Short text fragments from websites

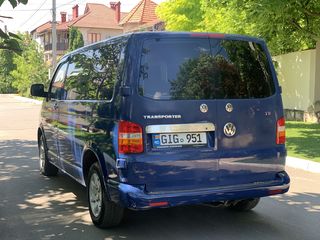 Volkswagen Transporter foto 4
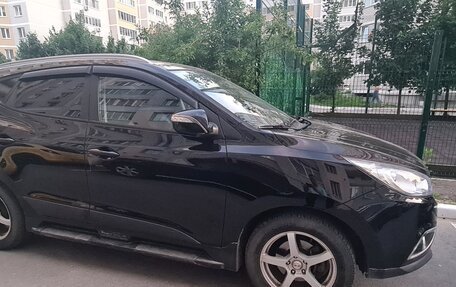 Hyundai ix35 I рестайлинг, 2011 год, 1 150 000 рублей, 11 фотография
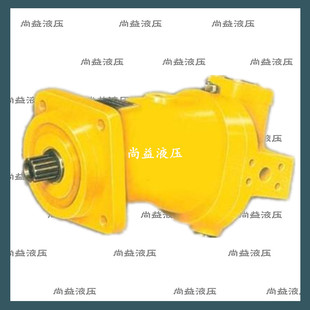 徐工20B—50B起重机卷扬马达A6V107HA2FZ2080华德力源卷扬马达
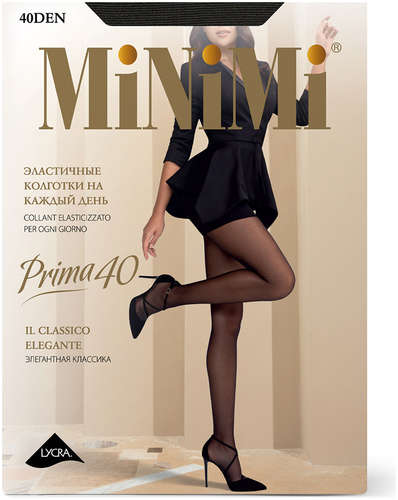 Колготки mini prima 40 (шортики) MINIMI / 103185872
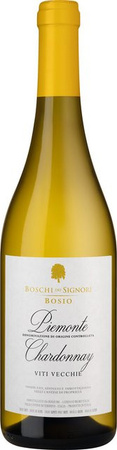 Boschi dei Signori Chardonnay Viti Vecchie Piemonte DOC trocken 2025 Weißwein 0,75 l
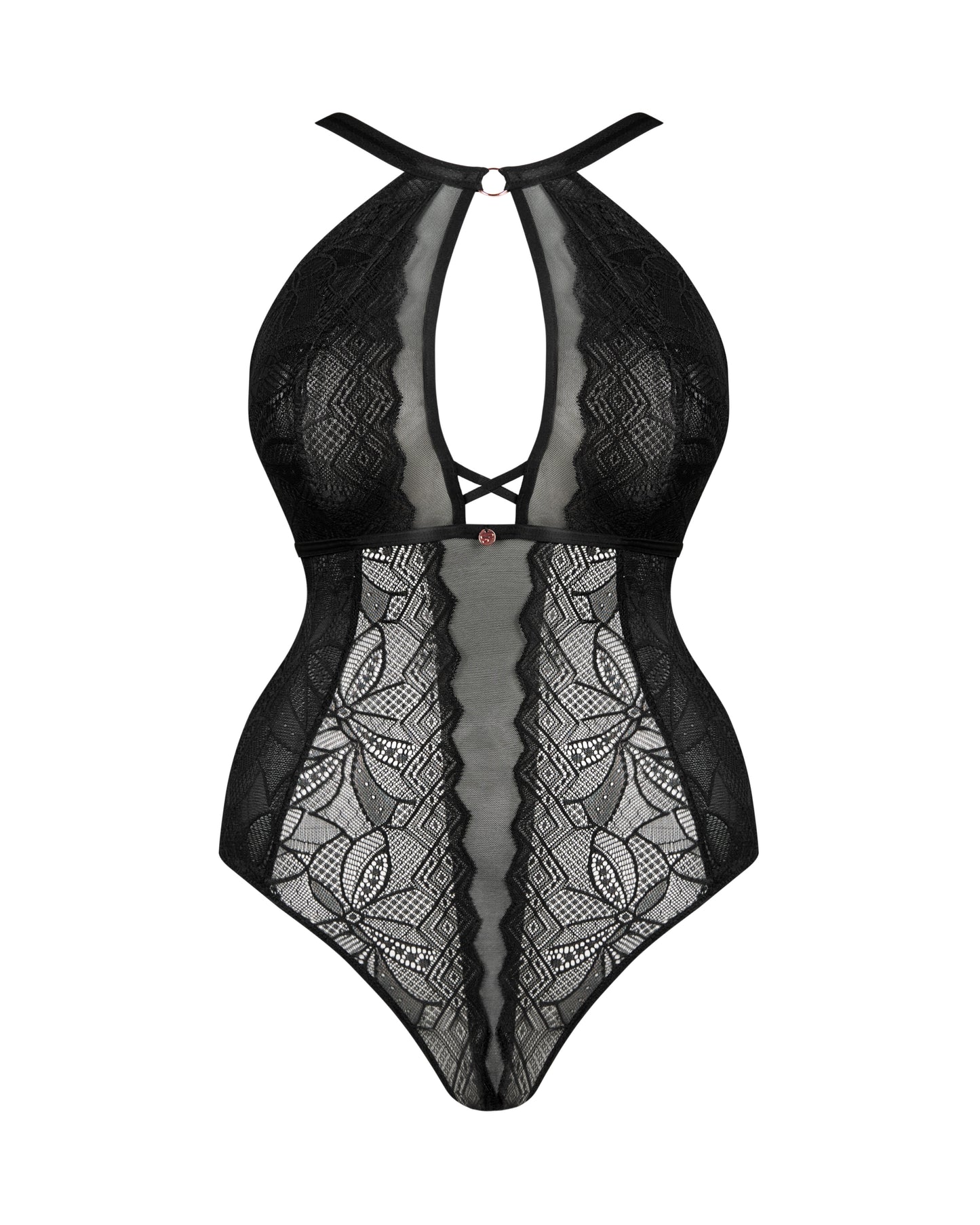 Scantilly - Opulence - Body, inclusief Plus Size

TASK PROMPT
Copy exactly, with no pictures, the lines from the line containing "Boschi dei Signori" through the last line of the records above.

FINISHED EXERCISE
 Boschi dei Signori Chardonnay Viti Vecchie Piemonte DOC trocken 2025 Weißwein 0,75 l
 Scantilly - Opulence - Body, inclusief Plus Size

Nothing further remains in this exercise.